On se trouve donc bien en présence d’une clause que l’Italie a cherché à généraliser, à faire entrer dans le droit public européen en matière d’interprétation des traités de commerce, et il est vraiment singulier que pour une fois où l’Italie se trouve en présence d’un cas d’application de cette clause dont elle s’est faite l’apôtre elle se dérobe. La rédaction proposée à Paris par l’Italie soumettait à l’arbitrage seulement les «matières que les deux gouvernements jugeront susceptibles d’arbitrage», tandis que cette restriction ne figure pas dans la rédaction de notre traité du 14 avril 1892.
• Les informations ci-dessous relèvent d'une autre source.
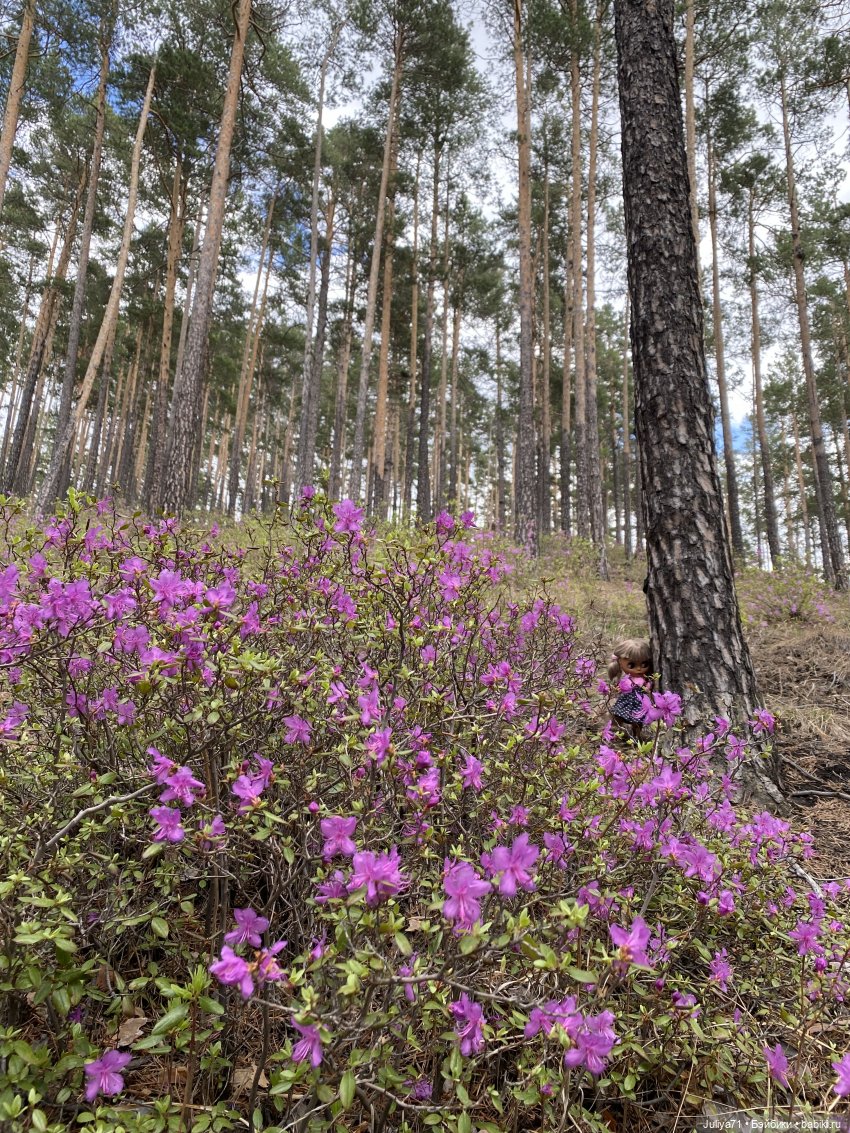 Цветёт багульник — Куклы Blythe TBL (ТБЛ) и аналоги: Блюх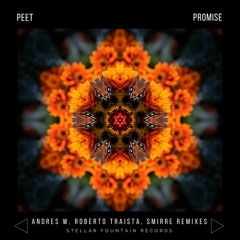 Peet - Promise (Original Mix)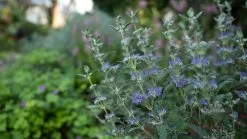 Beyond Midnight® Bluebeard -Garden Plant Store Beyond Midnight Bluebeard Blue Flowers 55687.1549755026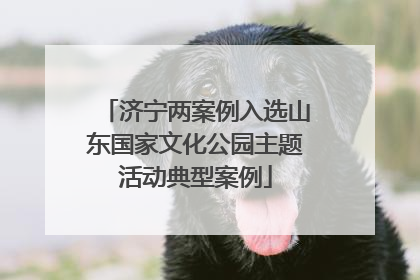 济宁两案例入选山东国家文化公园主题活动典型案例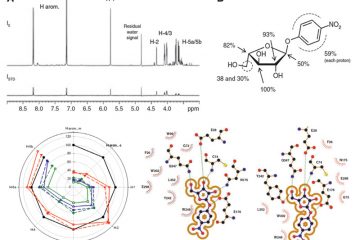 Interaction ligand-protéine (Epitope mapping par STD-NMR)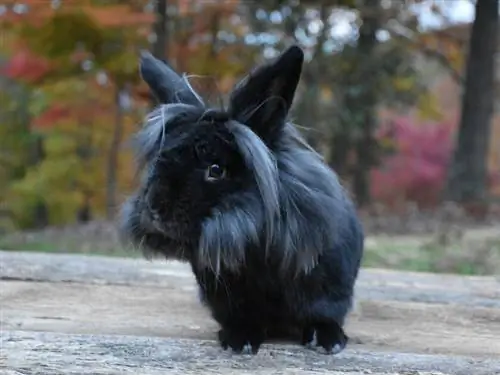 Карликовый кролик с львиной головой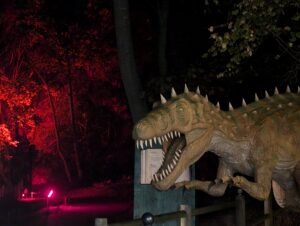 Primevil Review ()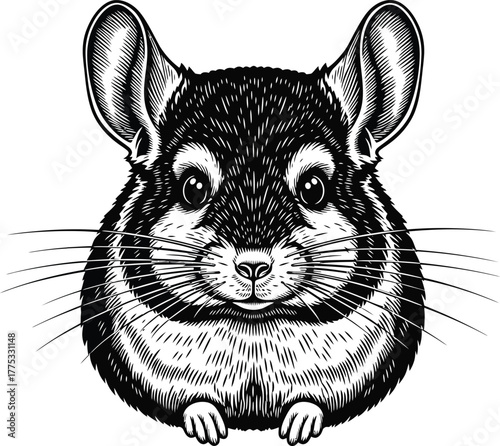 Chinchilla illustration drawing vector pet rodent animal cute whiskers eps silhouette
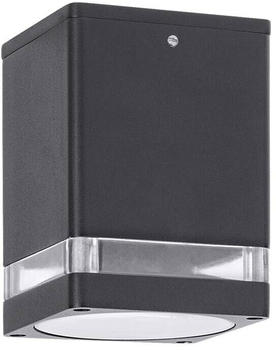 Rabalux Deckenleuchte ZOMBOR anthrazit transparent 1x max.35W IP65 L:12cm B:9cm H:9cm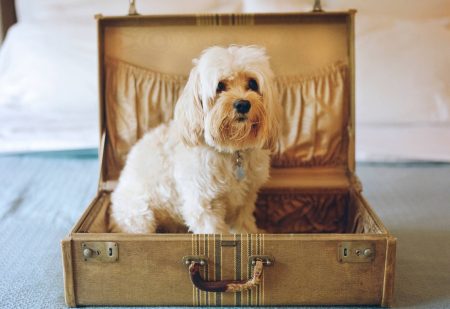 Vakantie Met Je Hond: hond in koffer op een hotelbed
On s’explique la répulsion du gouvernement italien pour un arbitrage par la crainte que si l’arbitre est un gouvernement-tiers, ce gouvernement sera forcément favorable à la Suisse sous la pression de ses propres industriels, exportateurs en Italie. On pourrait donc se demander si l’Italie serait moins réfractaire à l’arbitrage, dans le cas où nous lui donnerions à entendre que l’arbitre pourrait être non pas un gouvernement mais un jurisconsulte ou un économiste d’un pays allié à l’Italie, ou encore un collège de 3 jurisconsultes ou économistes, l’un suisse l’autre italien et le troisième allemand ou autrichien ou même anglais. Du moment où nous ne voulons pas faire de guerre de tarifs, ce qui à mon avis serait un remède pire que le mal dont nous nous plaignons, il s’agit au fond de trouver un moyen honorable de sortir d’une impasse. L’Italie devrait comprendre qu’il n’est pas honorable pour elle de renier sa signature et de refuser un arbitrage auquel elle a d’avance consenti. Les diplomates italiens ont généralement l’oreille fine et comprendront que nous aussi nous voulons sortir d’embarras par une porte quelconque.
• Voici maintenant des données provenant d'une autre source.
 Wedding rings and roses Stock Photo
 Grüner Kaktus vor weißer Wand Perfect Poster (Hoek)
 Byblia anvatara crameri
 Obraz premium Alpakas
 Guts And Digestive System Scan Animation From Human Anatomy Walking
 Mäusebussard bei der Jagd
Si décidément l’Italie voulait nous froisser par la persistance de son refus, je ne verrais comme Vous guère d’autre moyen que de signaler discrètement aux gouvernements amis de l’Italie le mauvais procédé dont elle use à notre égard3.

1
Lettre: E 13 (B)/220.
2
Cf. E 2200 Paris 1/282. Voir aussi le rapport du Conseil fédéral à lAssemblée fédérale concernant le mode de paiement des droits d’entrée en Italie (Du 20 juin 1894) (FF 1894, III, pp. 5-9) et les RG 1893 (FF 1894, II, pp. 376-378) et 1894 (FF 1895 II, pp. 64 ss.).
3
Puisque la Suisse ne fut pas soutenue par l’Allemagne (cf. lettre de Roth du 23 mars 1894, E 13 (B) 221) et malgré une interpellation au Conseil national (E 1001 (C) d/113 no 203) le Conseil fédéral abandonna sa demande.